Each line below must be transcribed exactly, and no picture may appear in the transcription.

## Given data:
____
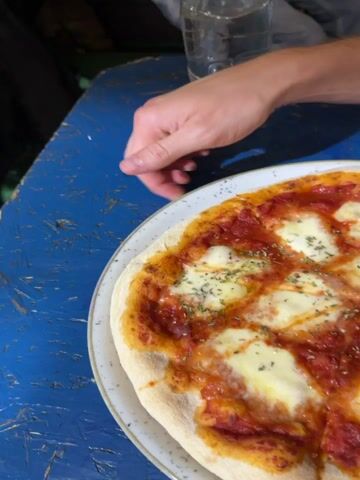 The video opens with a close-up of a margherita pizza on a white plate, resting on a textured blue table. The pizza has a golden-brown crust, red tomato sauce, melted white mozzarella cheese, and is sprinkled with dried herbs, garnished with two fresh green basil leaves. A person's right hand with visible knuckles is resting on the blue table to the left of the pizza. In the background, a clear glass is partially visible. The camera then moves to show a man's torso dressed in a black t-shirt, before panning up to his face. The man has short light brown hair and is wearing dark-rimmed glasses, looking directly at the camera with a subtle smile.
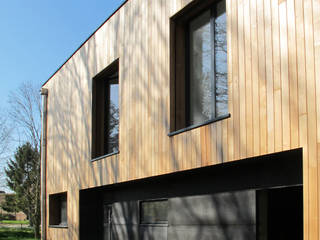 Maison au milieu des arbres, F. DEMAGNY ARCHITECTE F. DEMAGNY ARCHITECTE Casas modernas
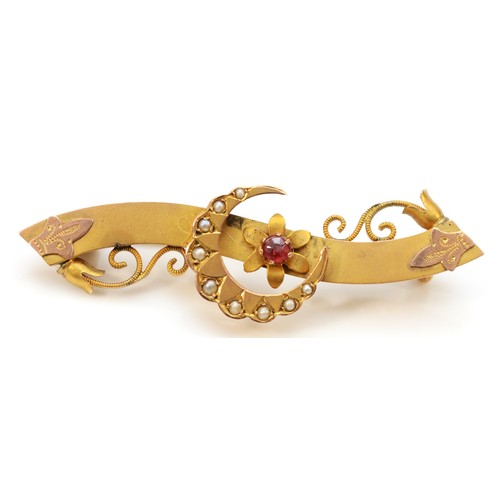 155 - A Victorian 9ct gold red paste and half pearl crescent and scroll brooch, Chester 1898, 45mm, metal ... 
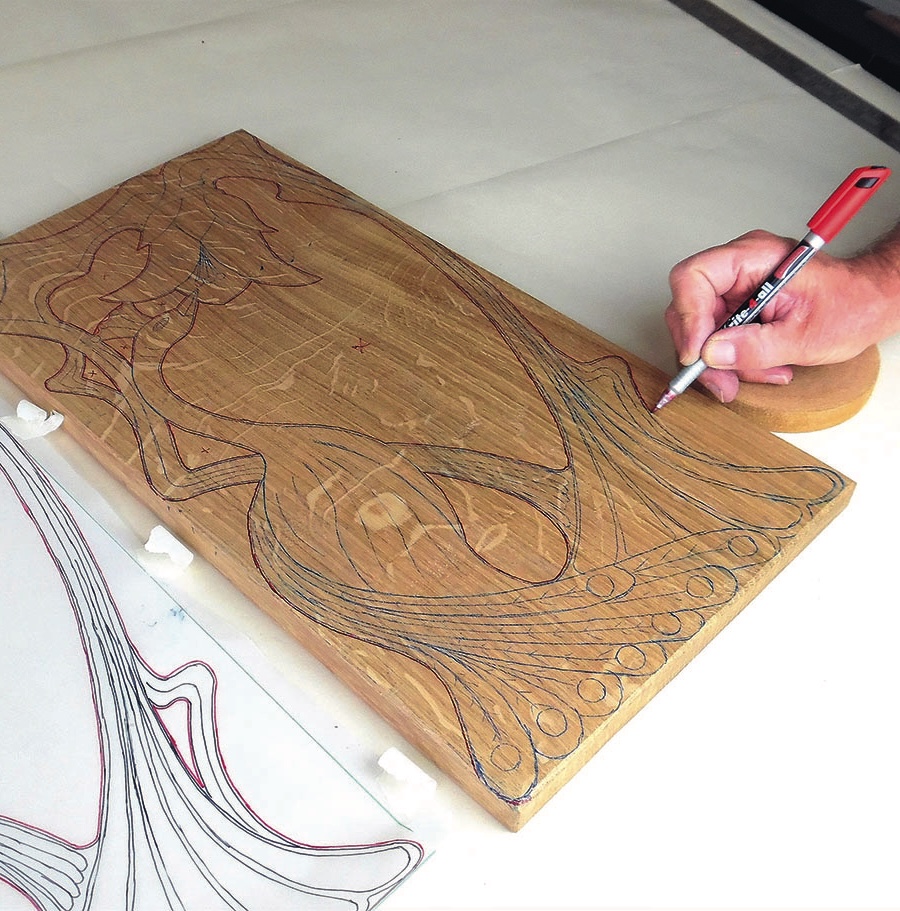 Person drawing on wooden board with pen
____
## Response to the task:
 The video opens with a close-up of a margherita pizza on a white plate, resting on a textured blue table. The pizza has a golden-brown crust, red tomato sauce, melted white mozzarella cheese, and is sprinkled with dried herbs, garnished with two fresh green basil leaves. A person's right hand with visible knuckles is resting on the blue table to the left of the pizza. In the background, a clear glass is partially visible. The camera then moves to show a man's torso dressed in a black t-shirt, before panning up to his face. The man has short light brown hair and is wearing dark-rimmed glasses, looking directly at the camera with a subtle smile.
 Maison au milieu des arbres, F. DEMAGNY ARCHITECTE F. DEMAGNY ARCHITECTE Casas modernas
 155 - A Victorian 9ct gold red paste and half pearl crescent and scroll brooch, Chester 1898, 45mm, metal ... 
 Person drawing on wooden board with pen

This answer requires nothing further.